Table_1_First Comparative Analysis of Clostridium septicum Genomes Provides Insights Into the Taxonomy, Species Genetic Diversity, and Virulence Related to Gas Gangrene.XLSX

Clostridium septicum is a Gram-positive, toxin-producing, and spore-forming bacterium that is recognized, together with C. perfringens, as the most important etiologic agent of progressive gas gangrene. Clostridium septicum infections are almost always fatal in humans and animals. Despite its clinical and agricultural relevance, there is currently limited knowledge of the diversity and genome structure of C. septicum. This study presents the complete genome sequence of C. septicum DSM 7534T type strain as well as the first comparative analysis of five C. septicum genomes. The taxonomy of C. septicum, as revealed by 16S rRNA analysis as well as by genomic wide indices such as protein-based phylogeny, average nucleotide identity, and digital DNA–DNA hybridization indicates a stable clade. The composition and presence of prophages, CRISPR elements and accessory genetic material was variable in the investigated genomes. This is in contrast to the limited genetic variability described for the phylogenetically and phenotypically related species Clostridium chauvoei. The restriction-modification (RM) systems between two C. septicum genomes were heterogeneous for the RM types they encoded. C. septicum has an open pangenome with 2,311 genes representing the core genes and 1,429 accessory genes. The core genome SNP divergence between genome pairs varied up to 4,886 pairwise SNPs. A vast arsenal of potential virulence genes was detected in the genomes studied. Sequence analysis of these genes revealed that sialidase, hemolysin, and collagenase genes are conserved compared to the α-toxin and hyaluronidase genes. In addition, a conserved gene found in all C. septicum genomes was predicted to encode a leucocidin homolog (beta-channel forming cytolysin) similar (71.10% protein identity) to Clostridium chauvoei toxin A (CctA), which is a potent toxin. In conclusion, our results provide first, valuable insights into strain relatedness and genomic plasticity of C. septicum and contribute to our understanding of the virulence mechanisms of this important human and animal pathogen.

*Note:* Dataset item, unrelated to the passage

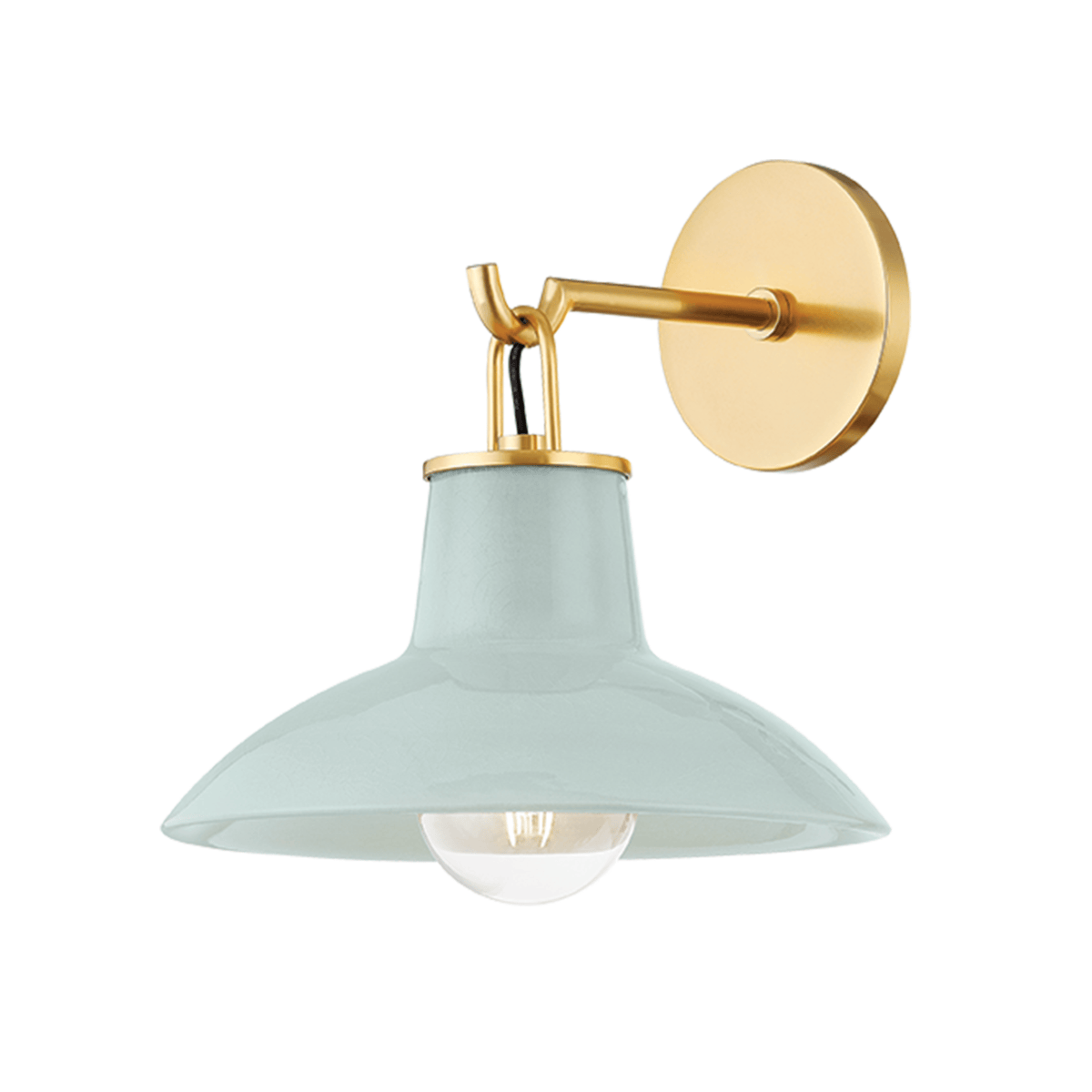 Hudson Valley Lighting SHOP Pottersville wall sconce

产气荚膜梭菌（Clostridium septicum）是一种革兰氏阳性、产生毒素并形成孢子的细菌，与产气荚膜梭菌（C. perfringens）一同被认为是进行性气性坏疽的最重要病因。产气荚膜梭菌感染在人类和动物中几乎总是致命的。尽管其在临床和农业领域具有重要意义，但目前对产气荚膜梭菌的多样性和基因组结构仍知之甚少。本研究展示了产气荚膜梭菌DSM 7534T标准菌株的完整基因组序列，以及首次对五个产气荚膜梭菌基因组进行的比较分析。通过16S rRNA分析和基于蛋白质的系统发育、平均核苷酸身份以及数字DNA-DNA杂交等全基因组指标揭示的产气荚膜梭菌的分类学表明，其属于一个稳定的类群。所研究基因组中前噬菌体、CRISPR元件和辅助遗传物质的组成及存在情况各不相同，这与表型相关且系统发育相近的物种产气荚膜梭菌（Clostridium chauvoei）所描述的有限遗传变异性形成鲜明对比。两个产气荚膜梭菌基因组之间的限制性修饰（RM）系统在编码的RM类型上表现出异质性。产气荚膜梭菌具有开放的全基因组，其中包含2,311个核心基因和1,429个辅助基因。基因组对之间的核心基因组SNP差异高达4,886个成对SNP。在所研究的基因组中检测到了大量潜在的致病基因。对这些基因的序列分析显示，与α毒素和透明质酸酶基因相比，唾液酸酶、溶血素和胶原酶基因是保守的。此外，在所有产气荚膜梭菌基因组中发现的一个保守基因被预测编码一种类似（蛋白质序列同源性为71.10%）产气荚膜梭菌毒素A（CctA）的白细胞溶解素同源物（β通道形成细胞毒素）。产气荚膜梭菌毒素A是一种强效毒素。总之，我们的研究结果首次为我们提供了关于产气荚膜梭菌菌株相关性和基因组可塑性的宝贵见解，并有助于我们理解这一重要的人畜共患病原体的致病机制。